Review: After Earth

After Earth

I’ve always had a weird relationship with M. Night Shyamalan movies. For every one movie I think is pretty good, there is another I don’t like. For every Sixth Sense and Unbreakable there is The Happening and The Last Airbender. Two steps forward, two steps backward. In the case of After Earth, there isn’t a step at all. It’s not good but not horrible, just there. In the movie, the earth as we know it can no longer sustain human life and mankind has colonized a new planet, Nova Prime. For hundreds of years humans have been at war with the native Ursas who don’t take too kindly to mankind just settling on their planet. The Ursas can’t track humans by sight but can “smell their fear” in order to hunt down their prey. One legendary soldier of the Ranger Corp, general Cypher Raige, played by Will Smith, has perfected a technique called “ghosting” in which he (and only he, apparently) is able to suppress his fear enabling him to become invisible to the Ursas. Cypher brings his son, an up and coming Ranger named Kitai (played by Will Smith’s actual son Jaden) on a mission in hopes of mending their rocky relationship. The mission goes awry and Cypher and Kitai are marooned on Earth. Kitai must travel across the dangerous planet alone to locate a distress beacon so that he and the injured Cypher can be rescued.

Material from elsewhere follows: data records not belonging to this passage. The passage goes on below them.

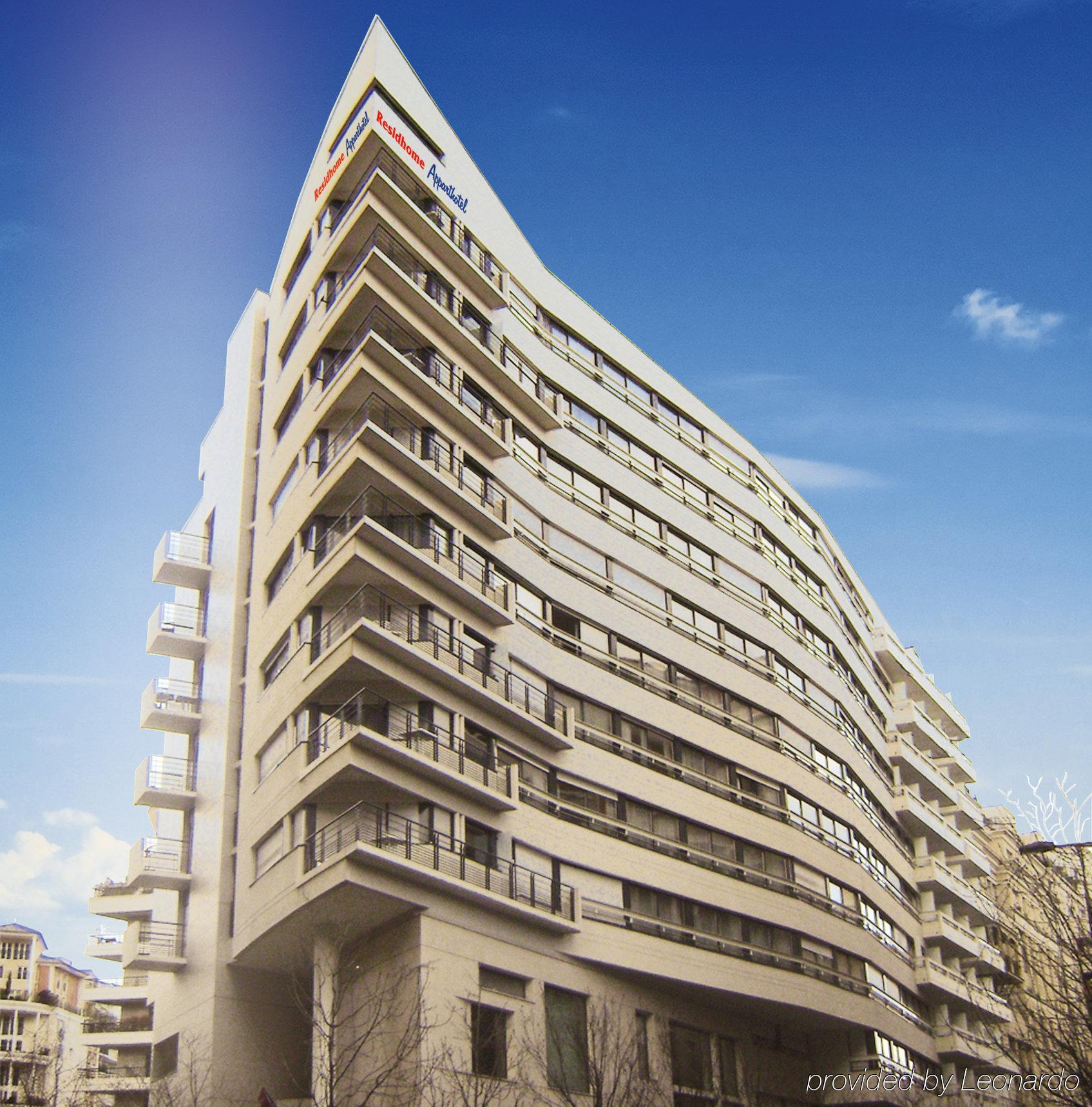 Residhome Courbevoie La Defense Экстерьер фото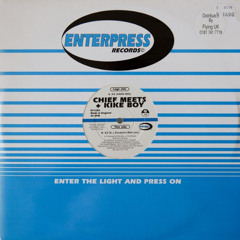 CHIEF MEETS KIKE BOY - KX (EJ DOUBELL'S MELT MIX)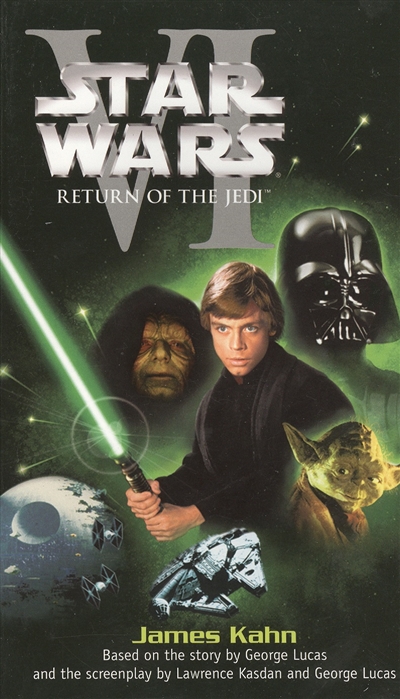 

Star Wars Episode VI Return of the Jedi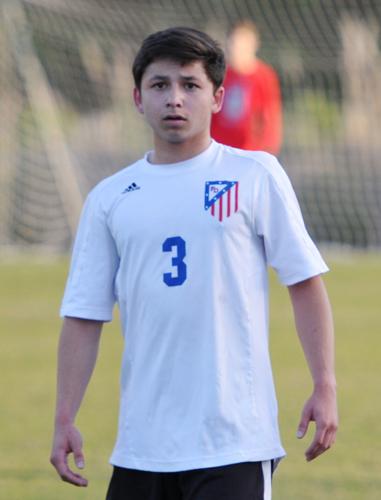 Ben Veloso named Boys Soccer Athlete of the Year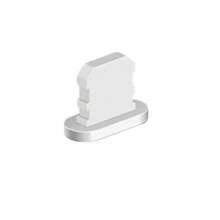 5/1pc IOS Metal Dustplugs Compatible With Iphone 12 13 14 Pro Max XR XS X 6 7 8 Plus Charging Port Dust Plug Protector Anti-Dirt Stopper - Multicolor - View 11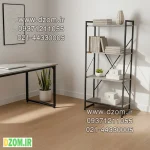 شلف ایستاده دیزم مدل مونتاژی SLF_60×140 - تصویر 5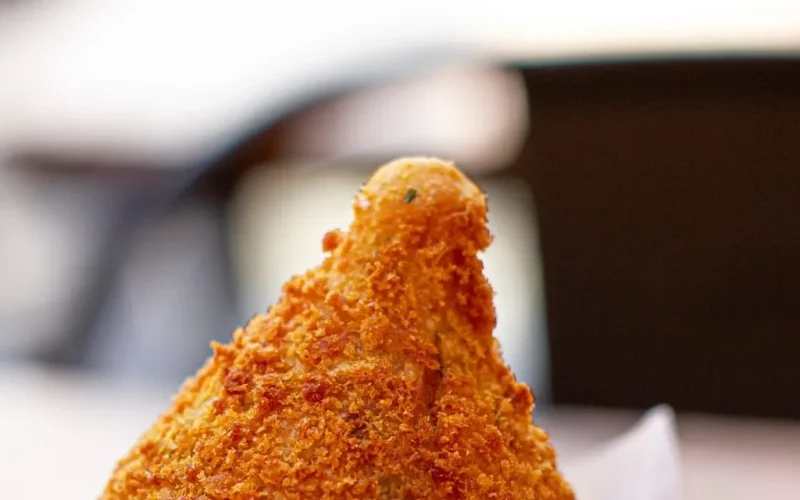 No aniversário de Rio Preto, Coxinhas Bady distribui 174 coxinhas grátis pela cidade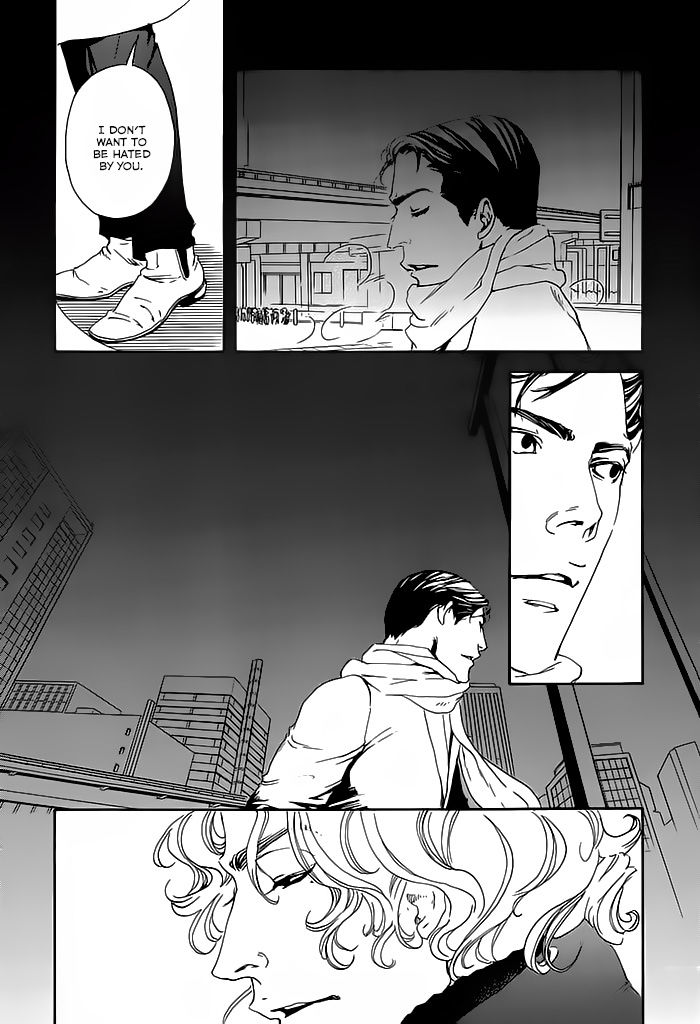 10 Dance Chapter 15 page 14 - Chapter 15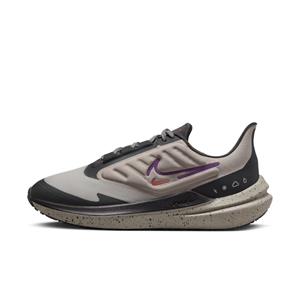 Nike Air Winflo 9 Shield Weerbestendige hardloopschoenen voor dames (straat) - Grijs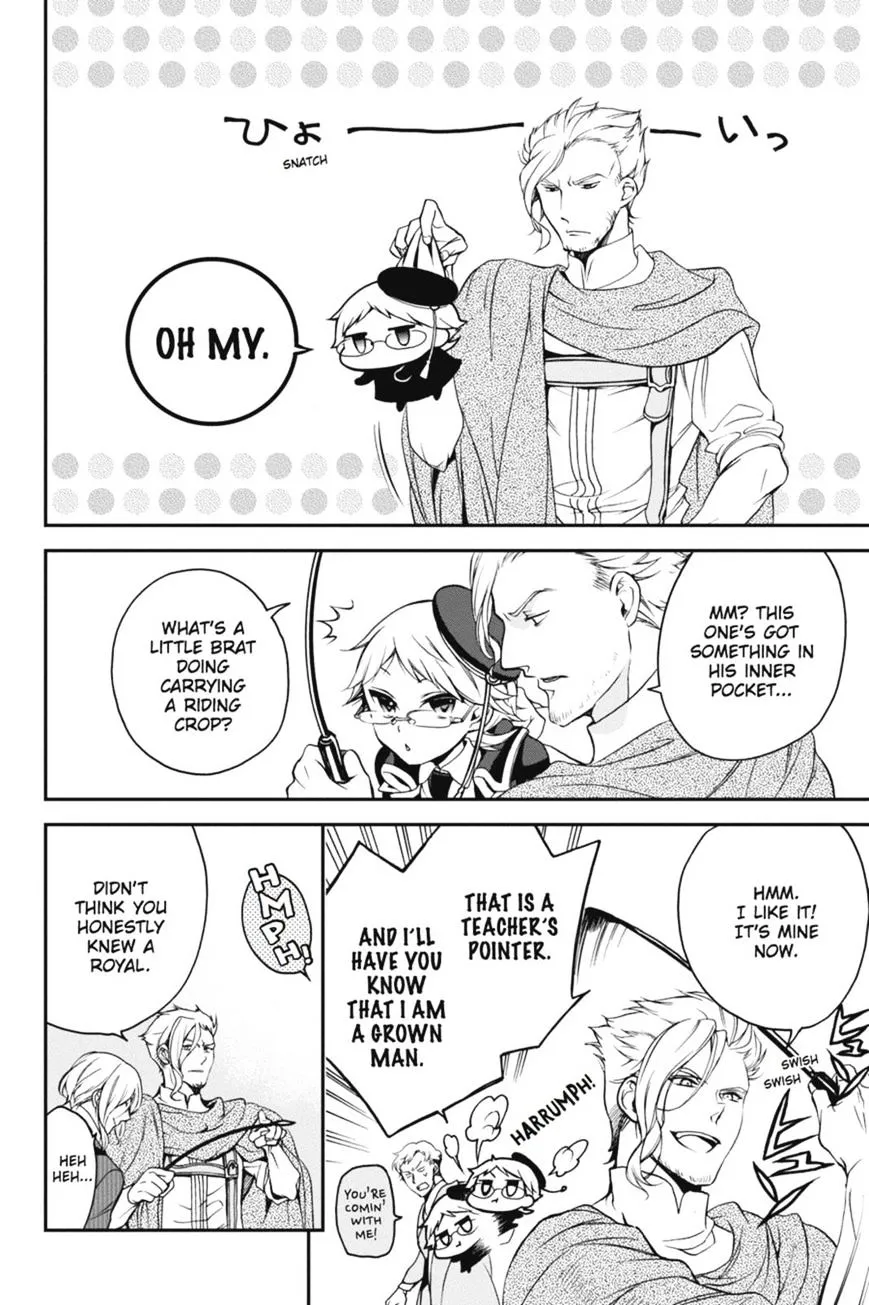 The Royal Tutor Chapter 29 page 13 - 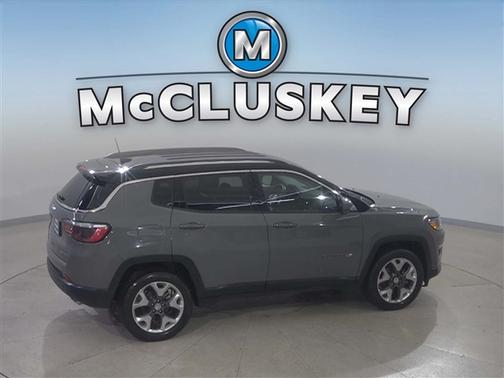 2021 Jeep Compass Limited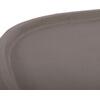 ΤΡΑΠΕΖΙ ΣΑΛΟΝΙΟΥ DESSY HM18153.03 FIBER CEMENT ΣΕ ΓΚΡΙ--151x66x30Υεκ.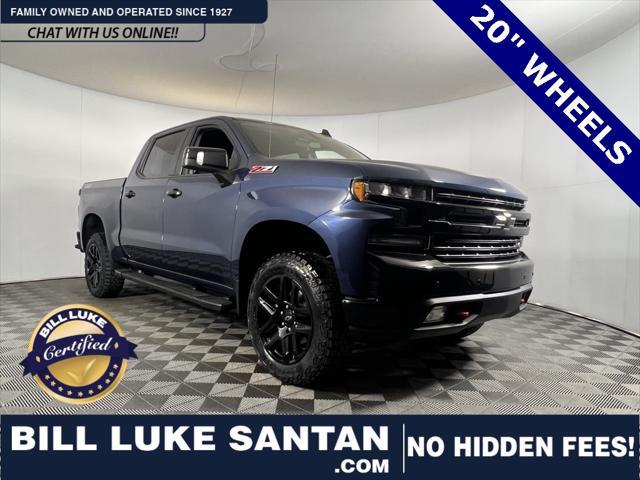 2022 Chevrolet Silverado 1500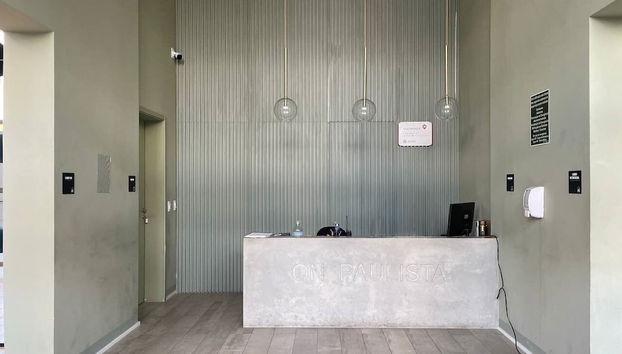 On Paulista - Foto 2, Vestíbulo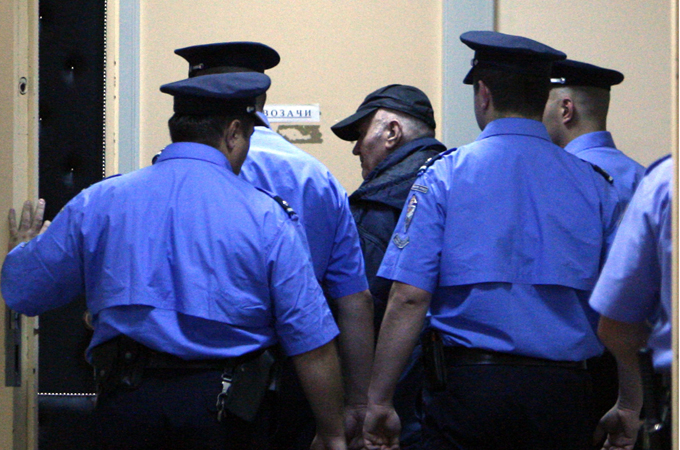 Ratko Mladic,Bosnian Serb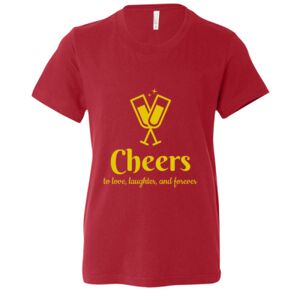 Youth Unisex Jersey Tee Thumbnail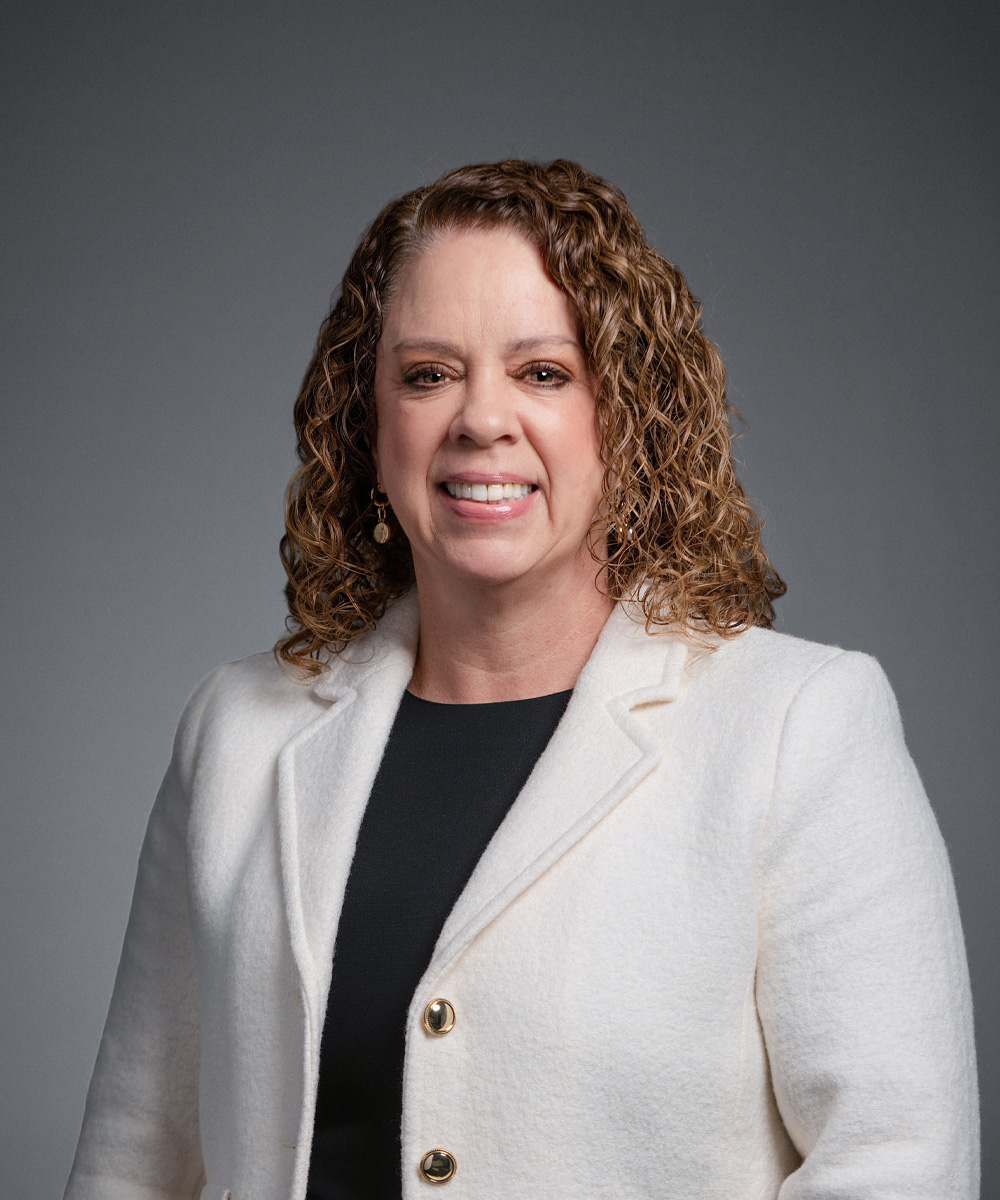 Portrait of Tiffany Cross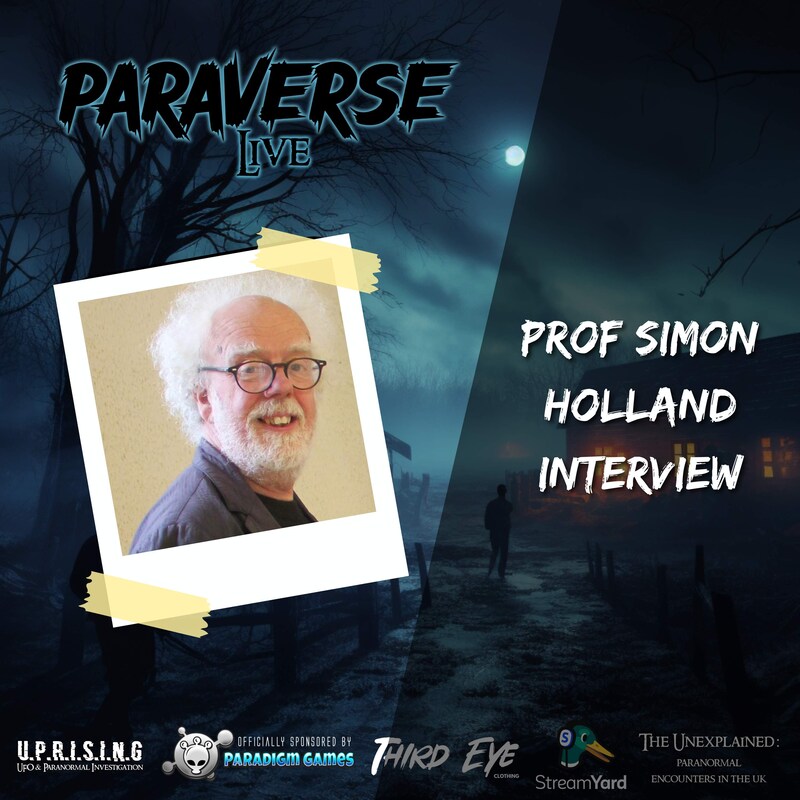 Artwork for podcast Paraverse - Live show and podcast series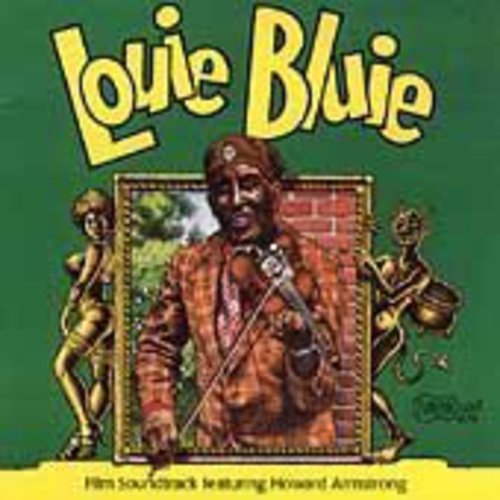 Howard Armstrong: Louie Bluie  ( CD )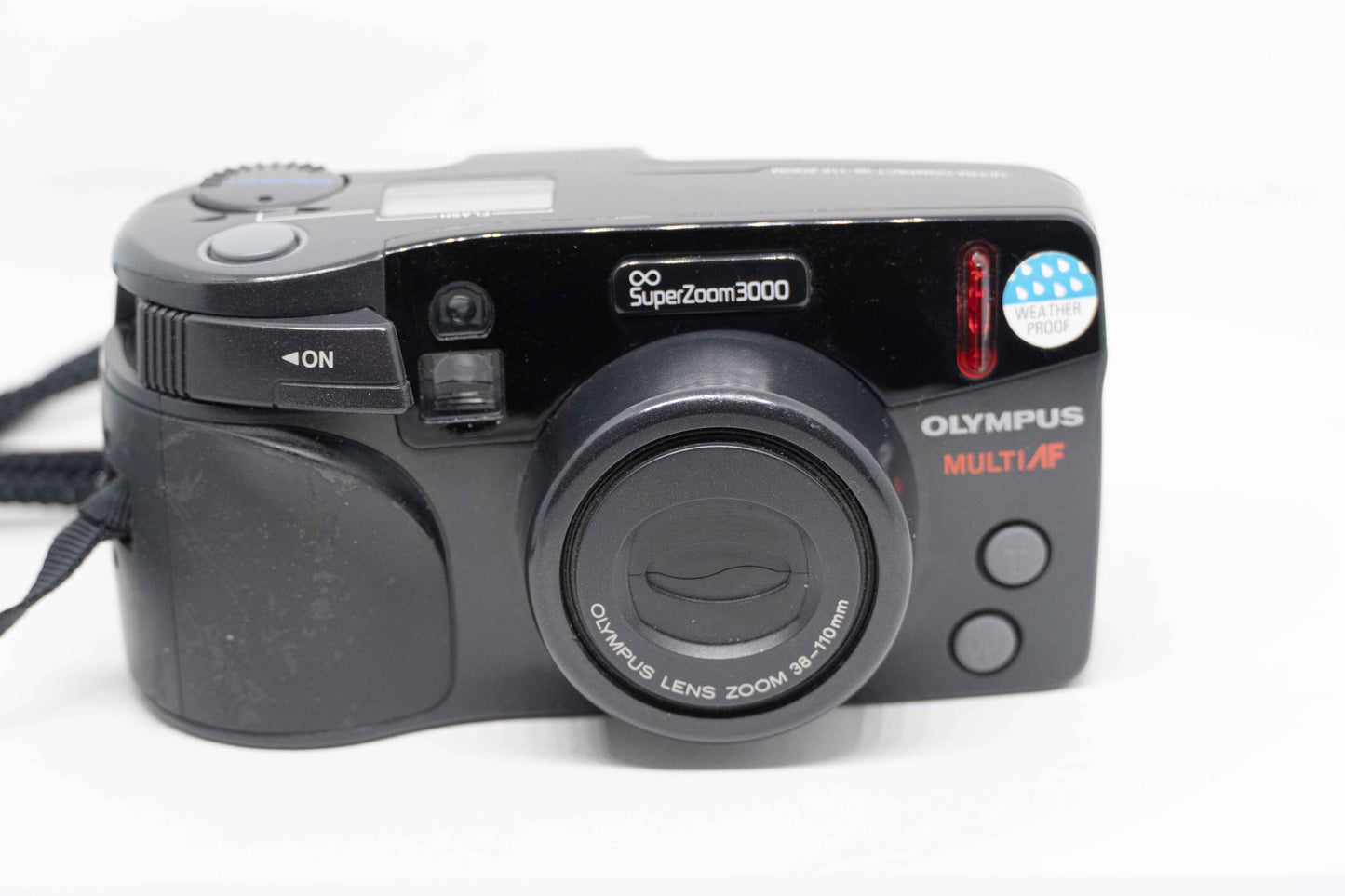 Olympus SuperZoom 3000 35mm film camera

Will Smith has become a very accomplished actor, a far cry from his Fresh Prince days. You wouldn’t know that from this movie, however. Both he and Jaden come off as robotic and wooden. The uneasiness that Cypher and Kitai display around one another makes sense in the context of the flimsy story but it but none of it feels natural. Part of this is due to the horrible accents that everyone has. I don’t know who thought it would be a good idea to have everyone do a horrible impression of Morgan Freeman doing a British accent but it will take you out of the movie.

Shyamalan sets up a world seemingly fraught with danger yet I never really felt as if our protagonist was in any real peril. At the same time, the film is very safe and predictable. The action sequences are ok, even though there aren’t many of them and we spend the majority of the movie watching Kitai run around the forest.

The best thing I can say about this movie is that it is indeed a movie. One hundred minutes of mediocrity. It’s completely watchable and somewhat enjoyable, but you won’t give After Earth an afterthought. The film feels like another Smith Family self-indulgent buisness project (story by Will, starring Will and son, produced by Will and wife and brother-in-law) but, if the Obamas of Hollywood are determined to make Jaden a superstar, they have to do a little better than this.